Almost as soon as they began, any hopes of a Sprint merger with Charter Communications were quashed after the cable company said it had no interest in combining with the struggling wireless provider, preferring instead to stick with an existing Mobile Virtual Network Operator agreement with Verizon Communications.
Charter had inherited the MVNO after its purchase of Time Warner Cable in May 2016. The company had expected to launch a wireless service over Verizon’s network next year.
Talk of the new deal came as an exclusive negotiating period, largely believed to be around another MVNO, between Sprint, Comcast and Charter expired.
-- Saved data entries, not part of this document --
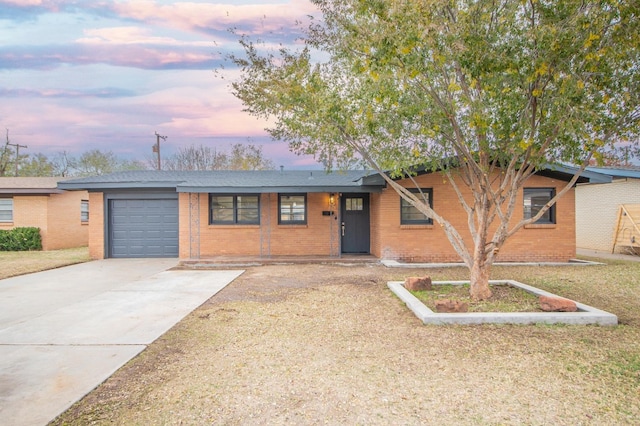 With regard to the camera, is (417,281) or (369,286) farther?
(369,286)

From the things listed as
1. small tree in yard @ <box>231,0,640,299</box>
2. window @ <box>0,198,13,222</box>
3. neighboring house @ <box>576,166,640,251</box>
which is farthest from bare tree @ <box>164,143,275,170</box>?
small tree in yard @ <box>231,0,640,299</box>

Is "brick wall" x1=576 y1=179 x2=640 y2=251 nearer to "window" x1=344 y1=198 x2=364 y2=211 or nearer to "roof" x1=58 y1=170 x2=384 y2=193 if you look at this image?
"window" x1=344 y1=198 x2=364 y2=211

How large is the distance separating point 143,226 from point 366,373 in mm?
12576

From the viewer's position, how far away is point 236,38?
7461 millimetres

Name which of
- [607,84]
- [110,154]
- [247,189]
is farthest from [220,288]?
[110,154]

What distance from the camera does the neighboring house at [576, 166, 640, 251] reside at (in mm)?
15023

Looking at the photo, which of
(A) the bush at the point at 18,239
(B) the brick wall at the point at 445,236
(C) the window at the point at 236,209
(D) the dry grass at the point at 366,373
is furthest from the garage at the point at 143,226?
(D) the dry grass at the point at 366,373

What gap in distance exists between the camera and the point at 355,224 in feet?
45.7

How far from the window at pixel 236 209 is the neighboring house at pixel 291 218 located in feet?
0.12

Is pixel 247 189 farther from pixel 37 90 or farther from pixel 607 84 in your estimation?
pixel 37 90

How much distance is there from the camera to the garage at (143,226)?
14.1 metres

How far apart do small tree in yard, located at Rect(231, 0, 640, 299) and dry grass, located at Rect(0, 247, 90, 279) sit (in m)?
8.41

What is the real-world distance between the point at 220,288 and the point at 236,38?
519cm

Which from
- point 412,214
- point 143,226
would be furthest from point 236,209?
point 412,214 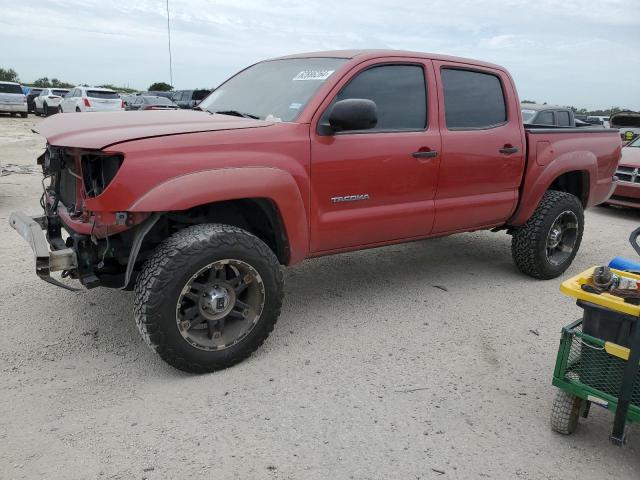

Earlier this year Sprint and Comcast entered into a wireless partnership agreement that in part prohibited either company from making a transformational wireless deal for one year without the other’s consent.
In a statement, Charter spokesman Alex Dudley said the cable operator has “no interest” in a deal with Sprint.
“We understand why a deal is attractive for Softbank, but Charter has no interest in acquiring Sprint,” Dudley said in the statement. “We have a very good MVNO relationship with Verizon and intend to launch wireless services to cable customers next year.”
On Friday the Wall Street Journal reported Sprint had approached Charter about a possible deal.
The proposed hookup with Charter seemed heavily skewed toward Sprint to begin with. The Journal, citing sources familiar with the matter said the combined company would become a separate publicly traded entity that would be controlled by Sprint’s parent, Japanese wireless company SoftBank. That kind of structure seemed odd given Charter would be the larger entity and one of Charter’s largest shareholders, Liberty Media chairman John Malone, would seem loathe to cede control.
The Journal said while the combination is effectively squashed, sources said SoftBank chairman Masayoshi Son could make a formal offer later on anyway.